_ACTION ITEM_.
Set down word for word each line from the one containing "Folded Front of" through the end of the records, both included. Do not copy any pictures.
++++ INFORMATION
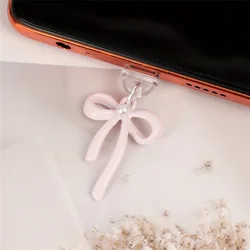 Korean Cute Bowknot Pearl Phone Dust Protection Stopper Accessory (For Type - C)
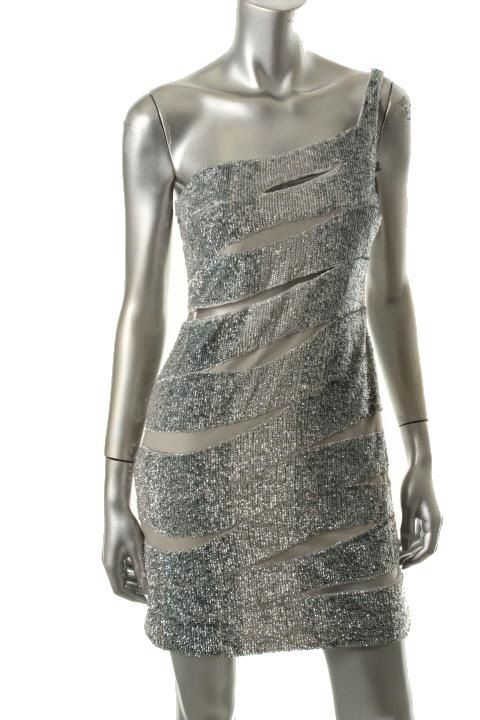 Basix New Silver Sequined Cutout Mesh One Shoulder Sheath Clubwear 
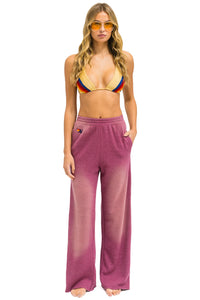 AVIATOR NATION ESSENTIAL WIDE LEG POCKET SWEATPANTS - FADED BERRY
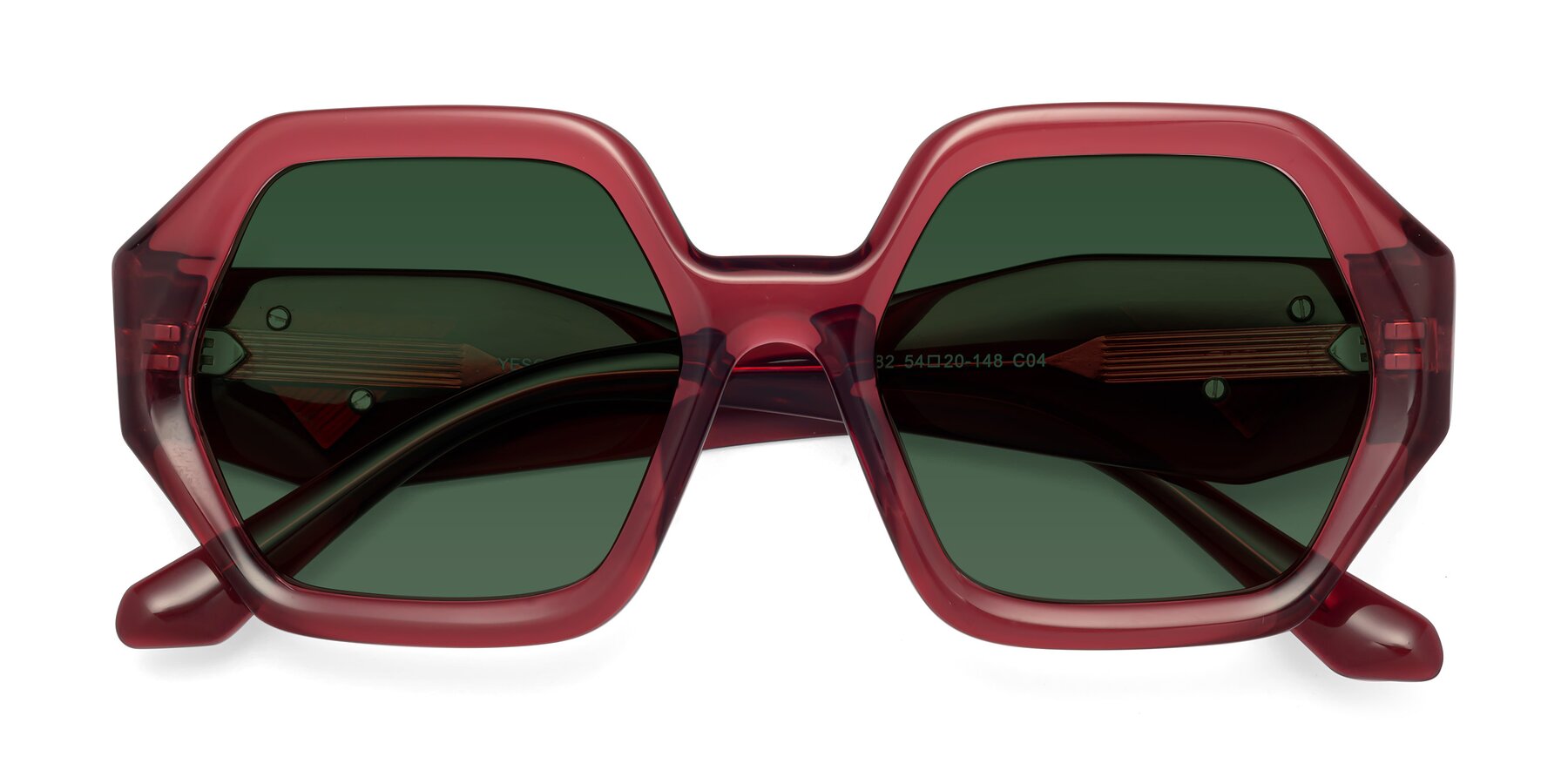 Folded Front of 1582 in Wine with Green Tinted Lenses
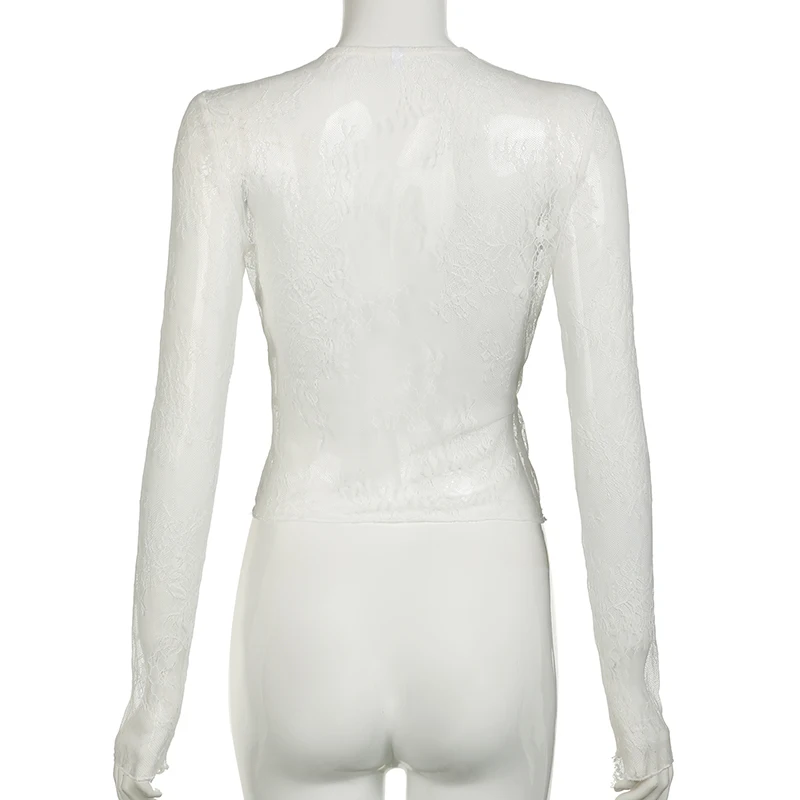 Abrigo fino de encaje transparente y sexy, de manga larga, a la moda, con cordones y cuello redondo, bonito cárdigan de calle para mujer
++++++++
_SOLUTION BELOW_.
 Folded Front of 1582 in Wine with Green Tinted Lenses
 Abrigo fino de encaje transparente y sexy, de manga larga, a la moda, con cordones y cuello redondo, bonito cárdigan de calle para mujer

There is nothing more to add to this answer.